Impact of Federal Reserve Single Counterparty Credit Limits on SecuritizationsDownload
On June 14, 2018 the Board of Governors of the Federal Reserve System (the “Fed”) issued a final rule (the “final rule”) that establishes credit limits for single counterparties of U.S. bank holding companies (“U.S. BHCs”) and foreign banking organizations (“FBOs”) with $250 billion or more in global assets, and U.S. intermediate holding companies of covered FBOs with $50 billion or more of consolidated assets. In an important change, while the final rule retains provisions applicable to FBOs, an FBO that is subject to single counterparty credit limit regulation in its home country on a consolidated basis consistent with the BCBS Large Exposure Framework can comply with the final rule by certifying to the Fed that it in compliance with those home country SCCL limits. The final rule contains specific provisions for determining counterparty limits for securitization vehicles, investment funds and other special purpose vehicles (collectively, “SPVs”).
Section 165(e) of the Dodd-Frank Act directs the Fed to promulgate rules requiring large U.S. BHCs and FBOs to limit their credit exposures to unaffiliated counterparties. The Fed originally proposed single counterparty credit limits for U.S. BHCs, FBOs and IHCs in December 2011 and December 2012 and issued a re-proposed rule in March of 2016 (the “re‑proposed rule”). The provisions for determining counterparty limits for SPVs in the re-proposed rule and in the final rule closely track the Supervisory Framework for Measuring and Controlling Large Exposures (the “BCBS Large Exposure Framework”) issued by the Basel Committee on Banking Supervision (“BCBS”) in April 2014.
The SPE provisions in the final rule have been significantly modified in response to industry comments on the re-proposed rule. Chapman and Cutler LLP represented the Structured Finance Industry Group in developing its comments on the re‑proposed rule. A copy of the SFIG comment letter can be found here.
The final rule contains requirements for aggregating related counterparties as a single counterparty and for determining the amount of an exposure that are beyond the scope of this alert.
A copy of the final rule can be found here.
What banking organizations are covered by the rule?
The final rule applies to the following entities (1) U.S. BHCs (that are not IHCs) with $250 billion or more of assets, (2) the combined U.S. operations of FBOs with $250 billion or more of global assets (“Covered FBOs”),1 and (3) IHCs of Covered FBOs with $50 billion or more of assets (collectively, “Covered Companies”). The re-proposed rule would have applied to each of the foregoing categories of entities that had $50 billion or more of assets.
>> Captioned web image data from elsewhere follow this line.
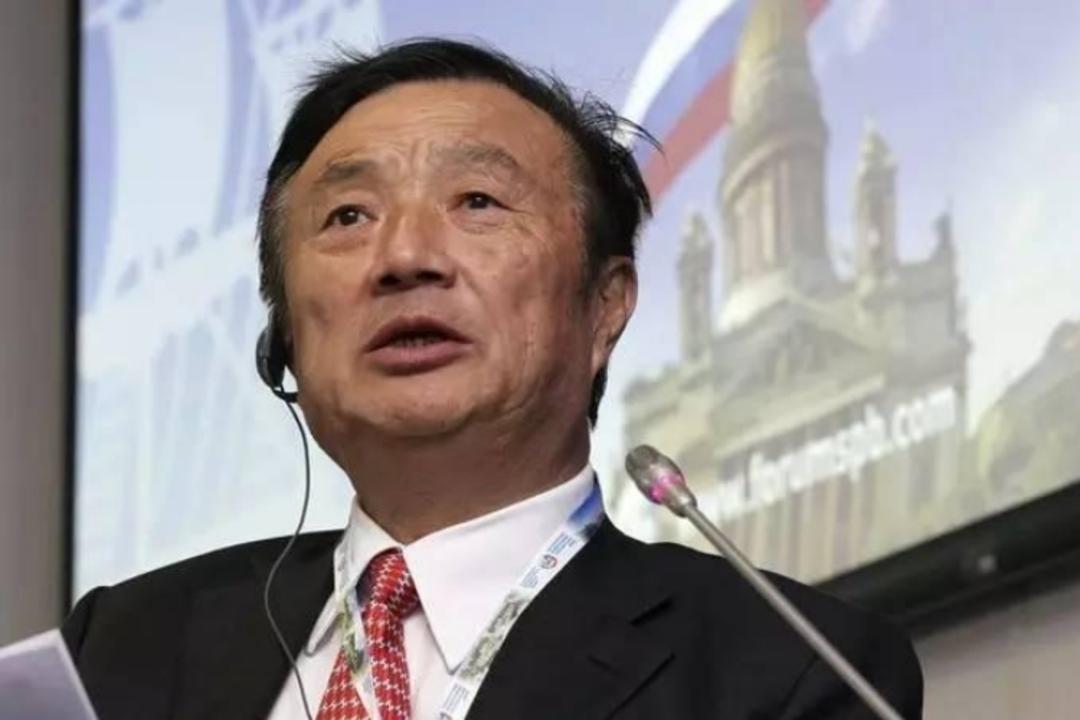رنگ ژنگفی / موسس هواوی / Huawei Founder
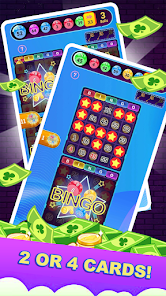 Lucky Bingo : Happy Game 1.0.1 APK + Мод (Unlimited money) за Android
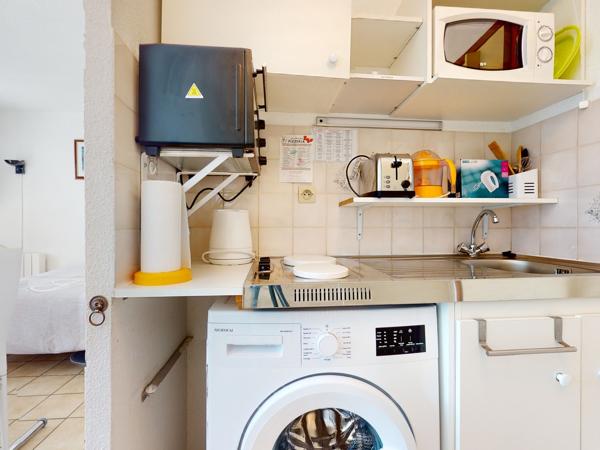 Appartement 1 pièce - 21 m²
The minimum combined asset threshold for U.S. BHCs and FBOs was increased from $50 billion as a result of the Economic Growth, Regulatory Relief, and Consumer Protection Act of 2018, which raised the minimum threshold of ultimate application of Section 165 of the Dodd‑Frank Act to bank holding companies with $250 billion or more in consolidated assets.
What are the counterparty limits that apply to different categories of Covered Companies?
Single-Counterparty Credit Limits Applicable to U.S. BHCs
Category of U.S. BHC
Applicable Credit Exposure Limit
Covered U.S. BHCs that are not Major Covered Companies
25 percent of the Covered Company’s tier 1 capital
U.S. BHCs that are GSIBs using the global methodology (Major Covered Companies)
15 percent of the Major Covered Company’s tier 1 capital for exposures to Major Counterparties
Single-Counterparty Credit Limits Applicable to the Combined U.S. Operations of FBOs
Category of FBO
Applicable Credit Exposure Limit
Combined U.S. operations of FBOs with total consolidated global assets that equal or exceed $250 billion but are not Major FBOs
25 percent of the FBO’s tier 1 capital
Top tier FBOs that are GSIBs using global methodology (Major FBOs)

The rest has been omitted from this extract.